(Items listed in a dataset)
▬▬▬▬▬▬▬▬▬▬

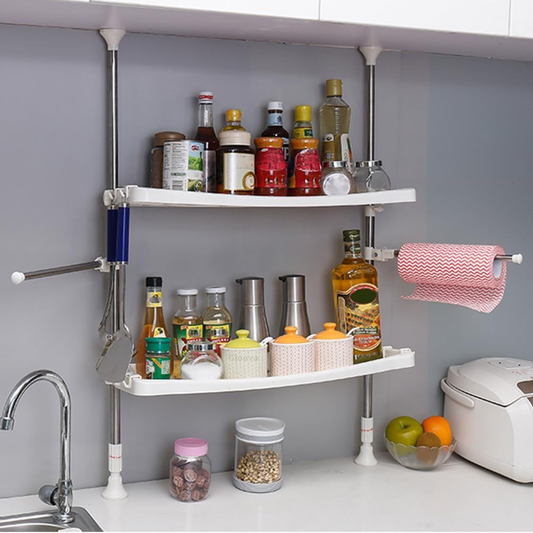 رف توابل وأواني عمودي وقابل للتعديل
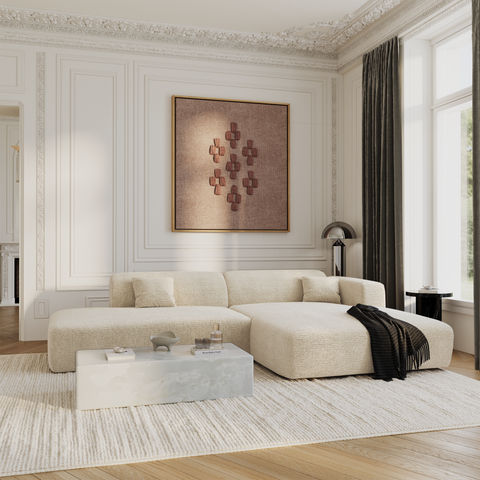 Canapé angle droit ouvert  MYRA velours à motifs
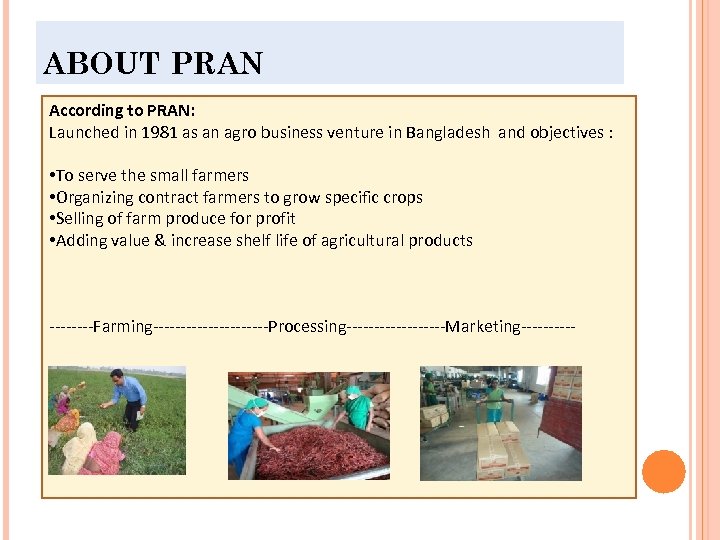 ABOUT PRAN According to PRAN: Launched in 1981 as an agro business venture in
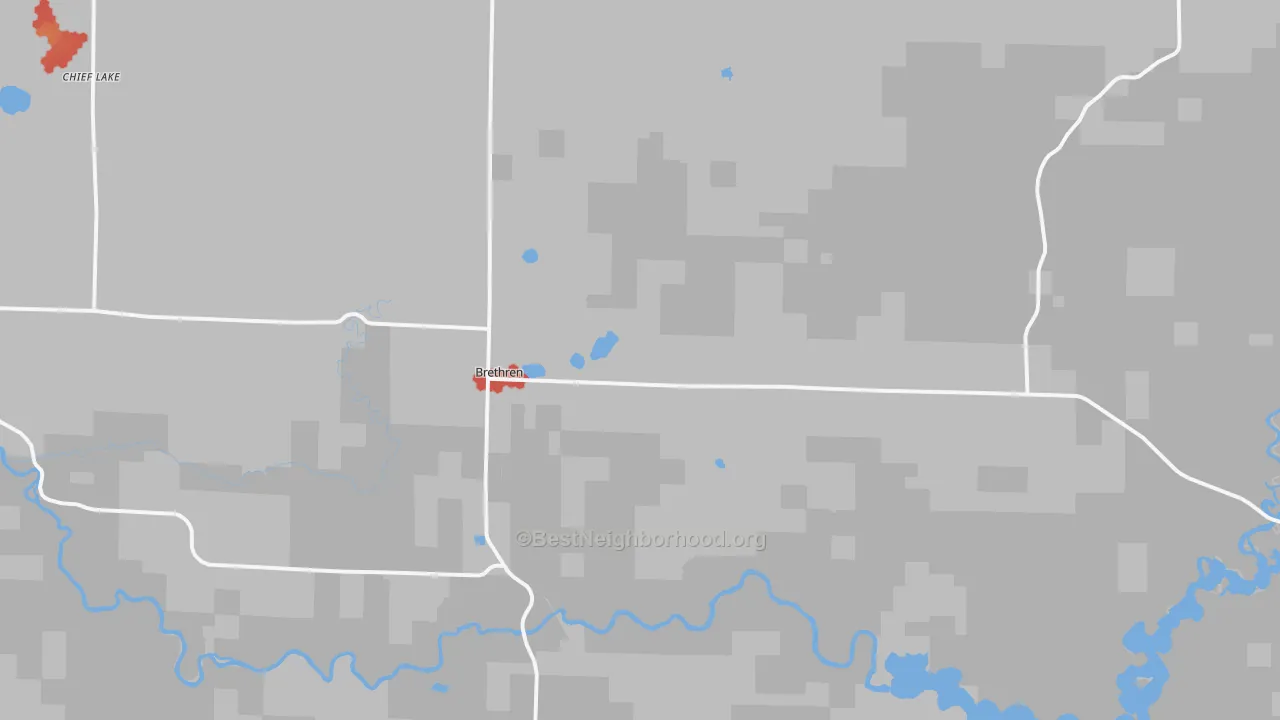 Walk Grade map of Brethren, MI, walkable areas in green and car-dependent areas in red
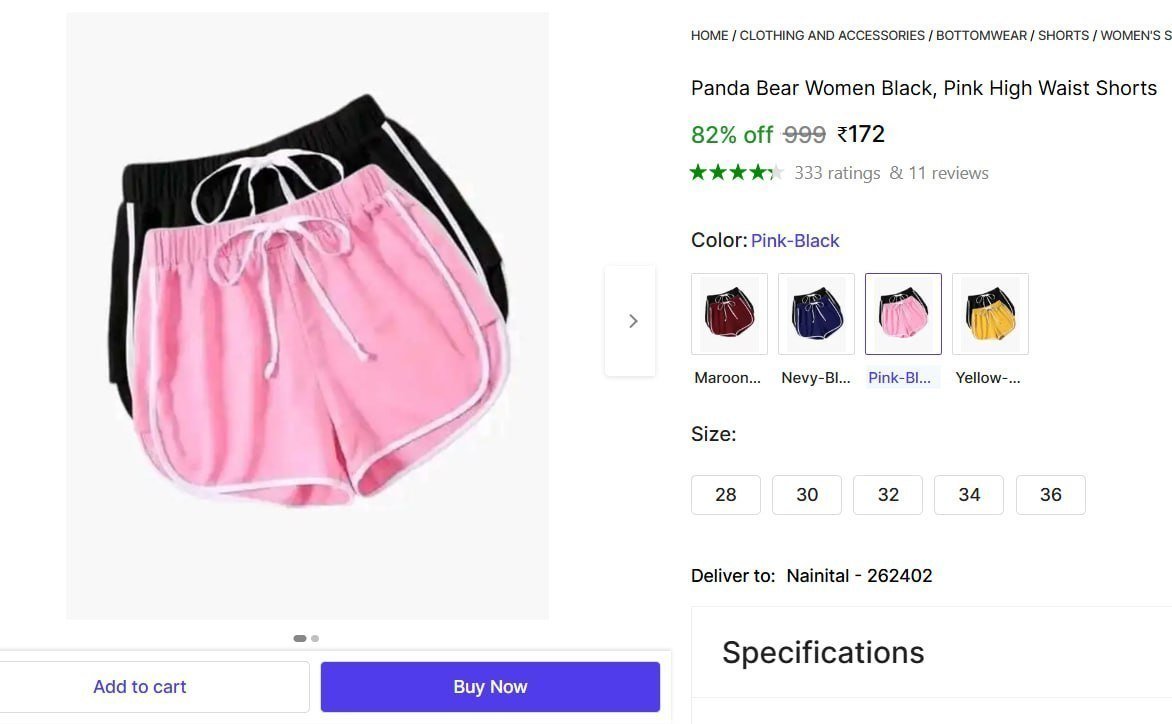 Women Black Pink High Waist Shorts 172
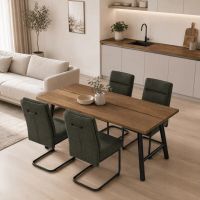 Jídelní set s 4 židlemi Antares, 180x90x76cm, dýha, ořech ASE-1045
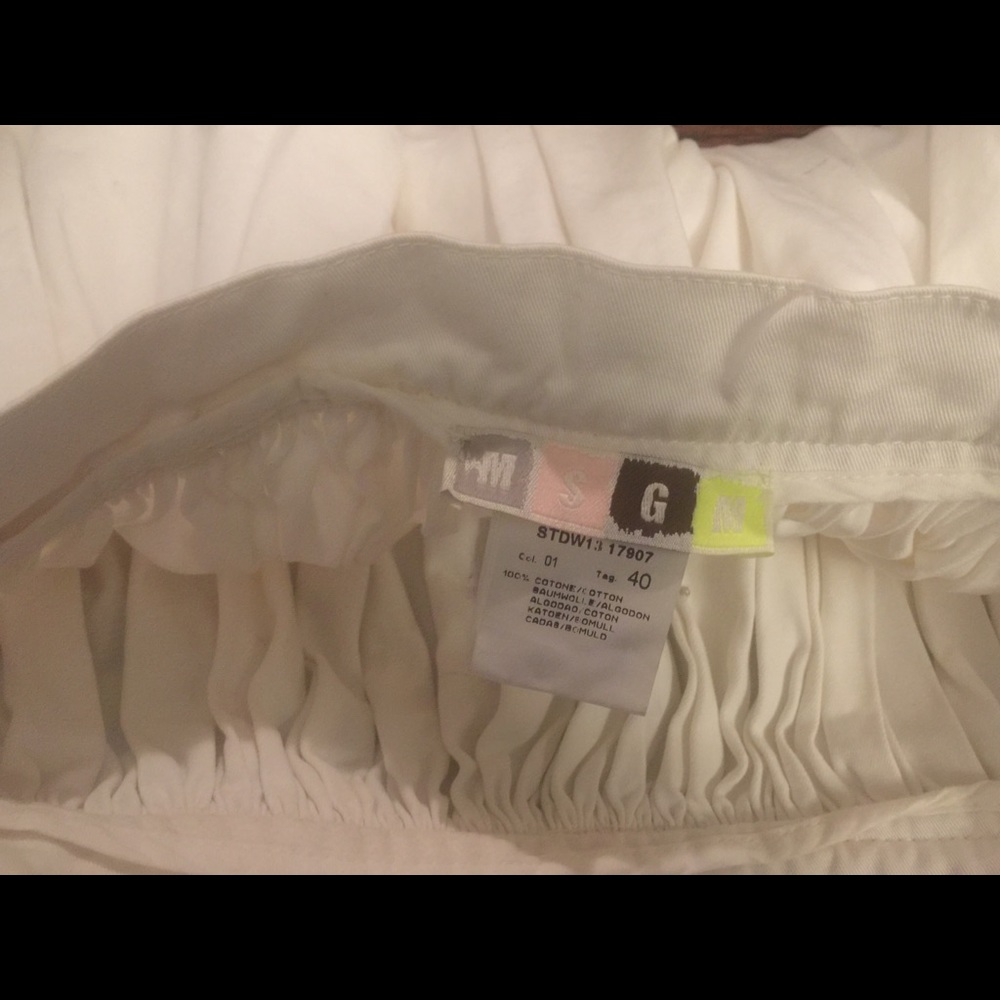 MSGM White Denim Pleated Skirt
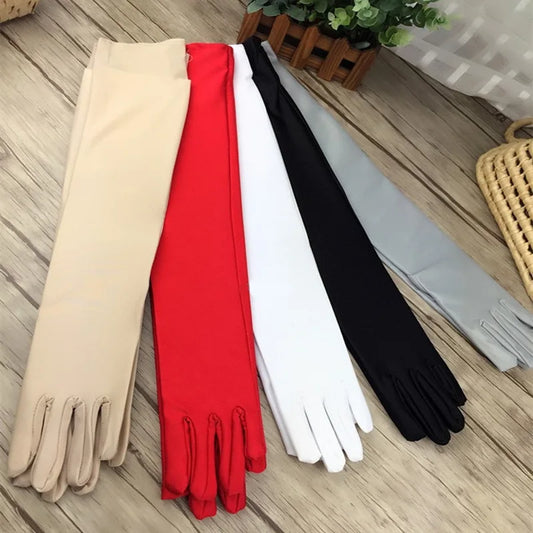 Summer Mid-Length Ceremonial Cool High-elastic Spandex Patent Leather Gloves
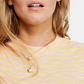 Free People Women's Striped Short Sleeve Crew Neck T-Shirt Pink  Size Large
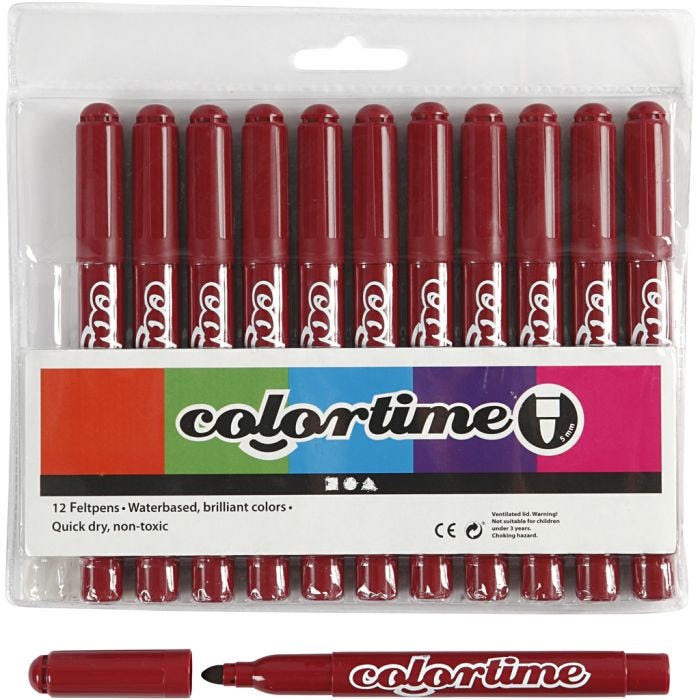 Colortime tusjer, strek 5 mm, vinrød, 12 stk./ 1 pk.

▬▬▬▬▬▬▬▬▬▬

■ **What the task asks**
Exactly the lines from the one with "Summer Mid-Length Ceremonial" through the end of the records should be written out, and only those. Pictures do not belong in the copy.

■ **Exercise solution**
 Summer Mid-Length Ceremonial Cool High-elastic Spandex Patent Leather Gloves
 Free People Women's Striped Short Sleeve Crew Neck T-Shirt Pink  Size Large
 Colortime tusjer, strek 5 mm, vinrød, 12 stk./ 1 pk.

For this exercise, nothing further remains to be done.